#### EXERCISE GOAL:
When you reach the line that contains "Nissan Terrano Comfort, 2017" below, transcribe it and each line after it word for word to the end of the records, omitting pictures.
- Opening Delimiter -
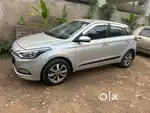 Hyundai Elite i20 2018 Petrol first owner Well Maintained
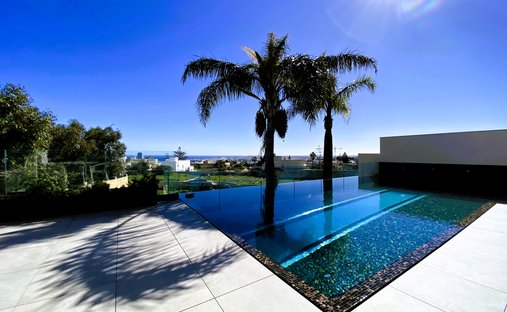 Casa en Madliena, Malta 1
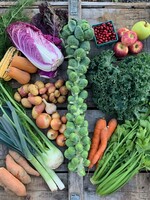 Farm Share - Full (hold the bread)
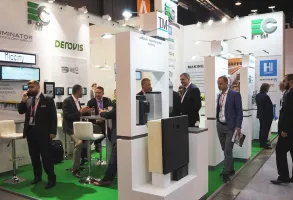 波蘭鐵路展2027舉辦時間與地點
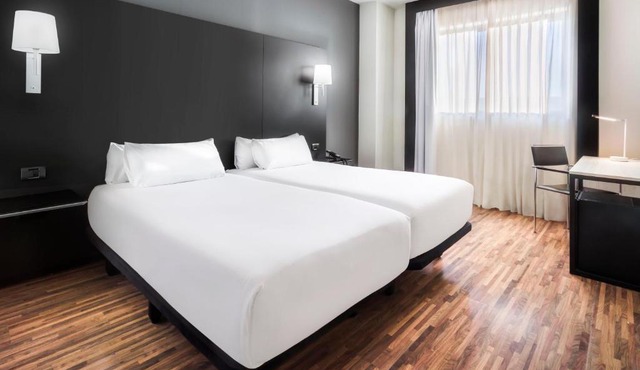 B&B HOTEL Madrid Getafe in Getafe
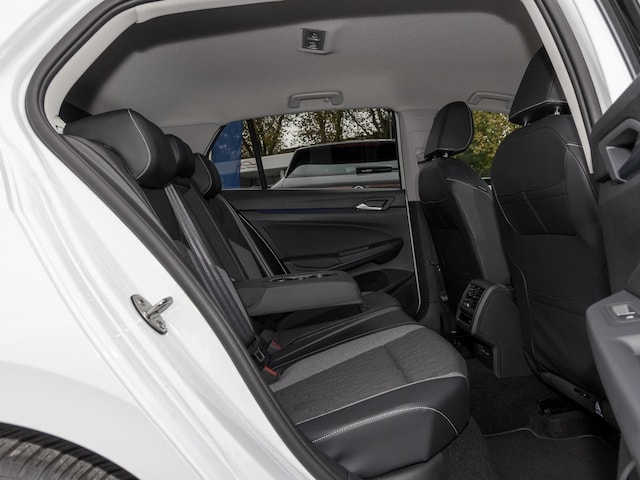 Volkswagen Golf 1.5 TSI Golf VIII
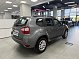 Nissan Terrano Comfort, 2017 года, пробег 77601 км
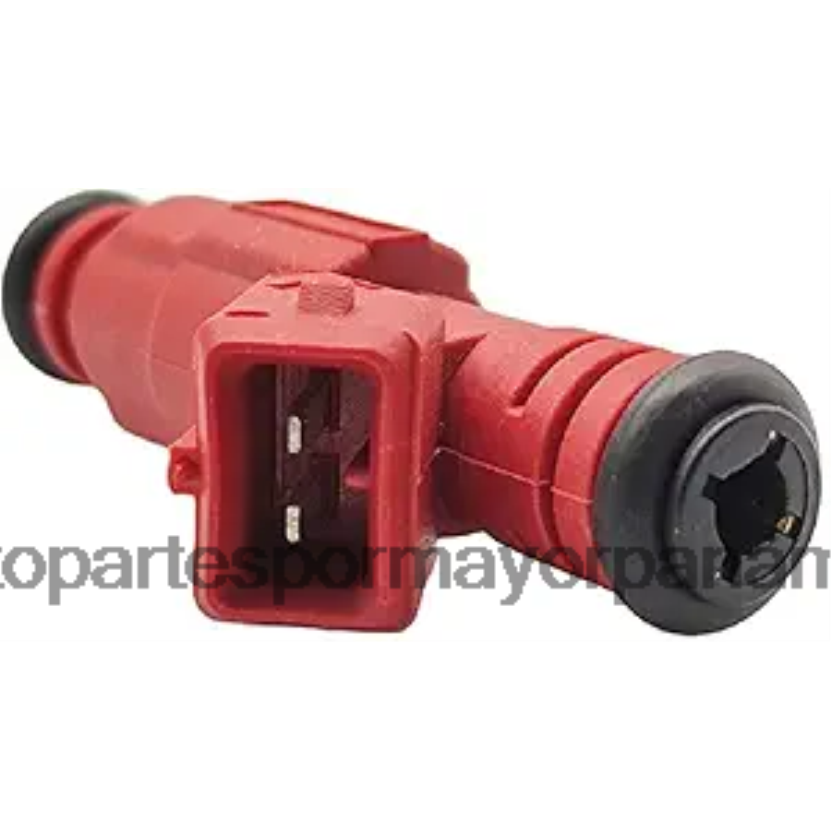 Inyector de combustible 0280155735 97tf-aa 828L0D431 - Repuestos Motos Panama Zona Libre FORD
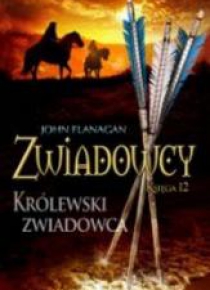 Zwiadowcy T.12 Królewski zwiadowca BR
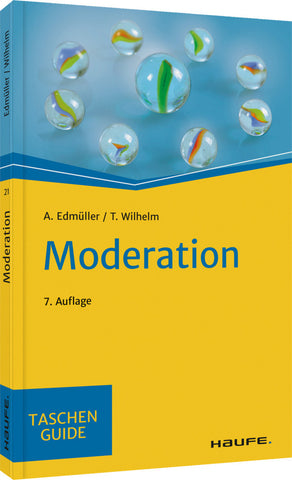 Moderation - Bild 1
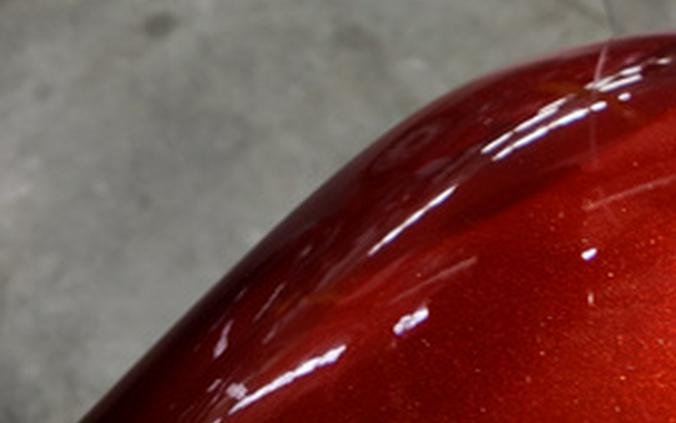 2014 Harley-Davidson Harley Davidson XL1200T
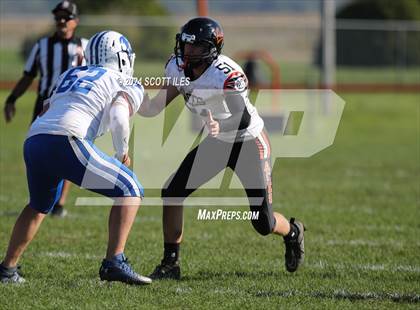Thumbnail 1 in Grove City Christian @ Amanda-Clearcreek photogallery.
- Closing Delimiter -
#### SOLVED EXERCISE:
 Nissan Terrano Comfort, 2017 года, пробег 77601 км
 Inyector de combustible 0280155735 97tf-aa 828L0D431 - Repuestos Motos Panama Zona Libre FORD
 Zwiadowcy T.12 Królewski zwiadowca BR
 Moderation - Bild 1
 2014 Harley-Davidson Harley Davidson XL1200T
Thumbnail 1 in Grove City Christian @ Amanda-Clearcreek photogallery.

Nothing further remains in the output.